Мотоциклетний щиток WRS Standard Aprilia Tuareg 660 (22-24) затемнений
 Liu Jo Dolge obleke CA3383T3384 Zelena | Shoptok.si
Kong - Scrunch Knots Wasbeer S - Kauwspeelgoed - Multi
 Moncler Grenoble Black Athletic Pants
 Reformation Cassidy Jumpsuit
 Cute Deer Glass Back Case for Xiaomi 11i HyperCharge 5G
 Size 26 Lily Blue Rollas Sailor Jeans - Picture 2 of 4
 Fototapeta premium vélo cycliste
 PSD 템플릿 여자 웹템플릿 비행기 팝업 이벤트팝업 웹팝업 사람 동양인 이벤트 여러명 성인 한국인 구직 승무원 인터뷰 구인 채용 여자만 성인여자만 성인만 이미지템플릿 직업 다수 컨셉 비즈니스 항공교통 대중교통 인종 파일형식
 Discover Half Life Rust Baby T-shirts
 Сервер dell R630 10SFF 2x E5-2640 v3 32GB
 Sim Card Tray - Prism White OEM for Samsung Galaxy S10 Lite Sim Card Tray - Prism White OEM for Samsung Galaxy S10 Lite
____
What is needed is a word-for-word restatement of every line from the one with "PSD 템플릿 여자 웹템플릿" to the end of the entries above.

 PSD 템플릿 여자 웹템플릿 비행기 팝업 이벤트팝업 웹팝업 사람 동양인 이벤트 여러명 성인 한국인 구직 승무원 인터뷰 구인 채용 여자만 성인여자만 성인만 이미지템플릿 직업 다수 컨셉 비즈니스 항공교통 대중교통 인종 파일형식
 Discover Half Life Rust Baby T-shirts
 Сервер dell R630 10SFF 2x E5-2640 v3 32GB
 Sim Card Tray - Prism White OEM for Samsung Galaxy S10 Lite Sim Card Tray - Prism White OEM for Samsung Galaxy S10 Lite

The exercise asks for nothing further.